In Iran’s case, blocked assets are equivalent to assets as to which there is a contest of ownership. In the binary case envisioned by the executive order and regulations, the contest would arise when both Iran and the holder asserted ownership of the property at issue. The competing claims would keep the assets blocked until the contest was adjudicated, at which time it would be determined whether the property belonged to Iran and should be returned, or whether it belonged to the claimant, who could retain its possession. In this simple case, the trustee process defendants’ description of what happens is unexceptionable: property adjudicated to be Iran’s may be said (at that point) to be uncontestedly Iran’s and thus unblocked and thus returnable to Iran.

TRIA, however, envisions the possibility that property of Iran held in the United States might not be returned to Iran even where it might be adjudicated that, as between the holder and Iran alone, Iran has the superior claim. Under TRIA, a person holding a judgment against Iran based on a claim of an act of terrorism may be entitled to the property in satisfaction of that judgment, notwithstanding the absence of any contest between the actual holder and Iran. To conclude otherwise *420would be to negate TRIA’s remedy as to judgment creditors of Iran. TRIA permits judgment creditors to levy on blocked assets. With respect to Iran, blocked assets are by definition contested assets. Obviously, in order to succeed in the levy, the judgment creditor would have to establish that the property may be taken on execution because it belongs to the judgment debtor. The trustee process defendants’ position is that as soon as the levying creditor succeeds in establishing the property is eligible for execution under TRIA, it ceases to be eligible. Because that construction is so at odds with what Congress evidently intended in providing TRIA’s remedy to persons such as the plaintiffs, it cannot be accepted as a reasonable harmonization of whatever gap there is between TRIA and Exec. Order 12,281 and it regulations.

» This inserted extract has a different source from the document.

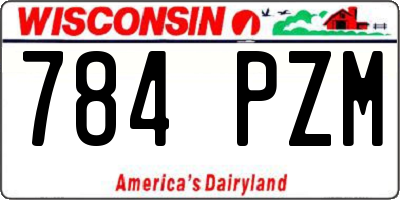 WI license plate 784PZM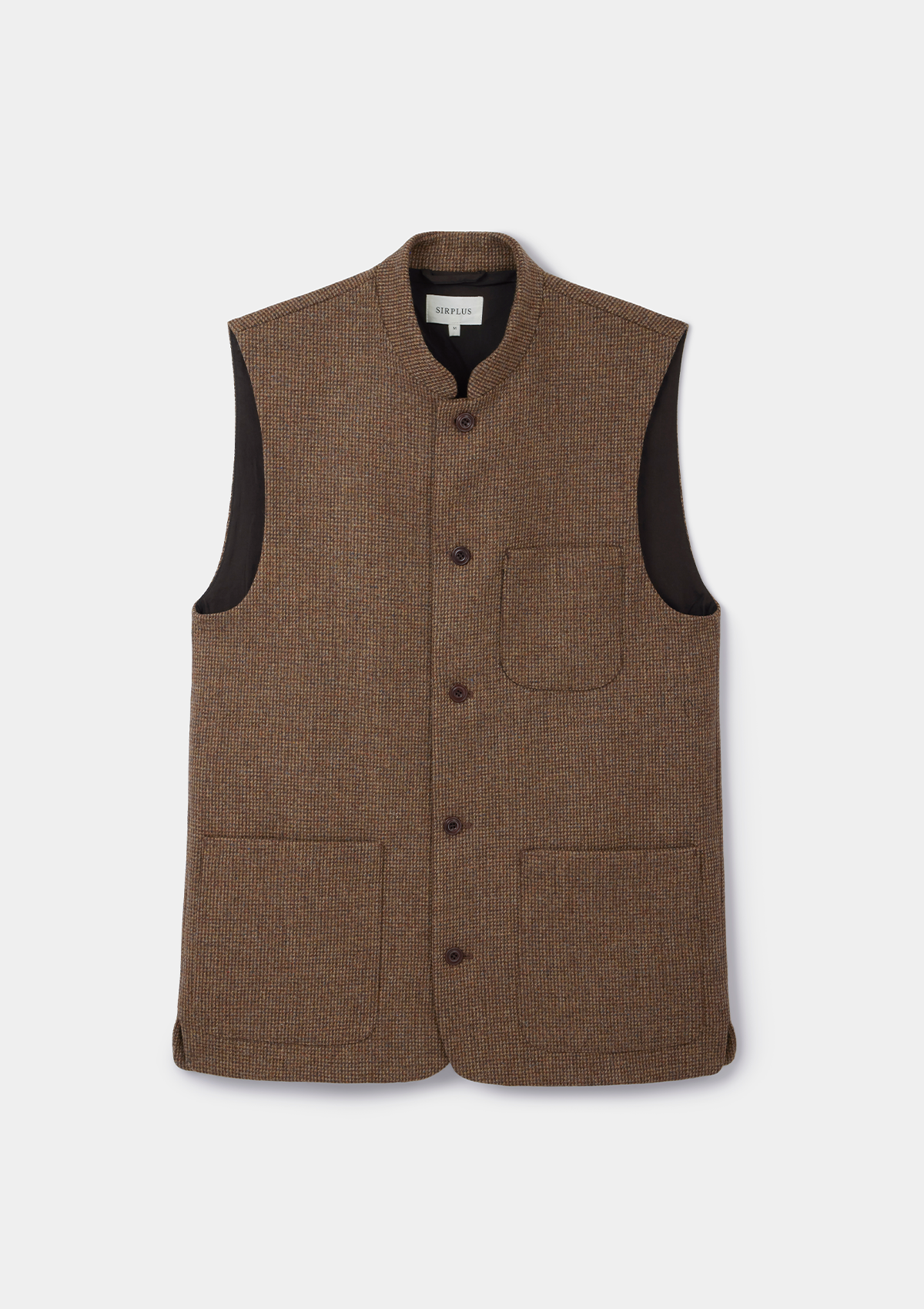 Elegant Chestnut Brown Tweed Nehru Waistcoat for Men - Vintage Style Formal Vest - Perfect for Weddings, Business Meetings & Special Occasions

The next question is whether there is a qualifying “contest” sufficient to make the antiquities at issue here “blocked” under the regulations. The trustee process defendants deny the antiquities belong to Iran, but they also say that because Iran has never claimed them, there is no contest. Iran doesn’t want them; the plaintiffs do. The trustee process defendants argue that the plaintiffs’ claim that the properties belong to Iran is not enough to make their ownership “contested.” I disagree. A creditor’s assertion that property held by a putative trustee belongs to the debtor and may be taken by the creditor for application against the debt is fundamental to trustee process under Mass. Gen. Laws ch. 246. Accordingly, just as Iran’s direct assertion of its ownership of the antiquities would create a duty that the holder either return the antiquities or contest ownership, see 31 C.F.R. §§ 535.215, 535.333, so too is this duty created when a judgment creditor asserts Iran’s ownership under TRIA.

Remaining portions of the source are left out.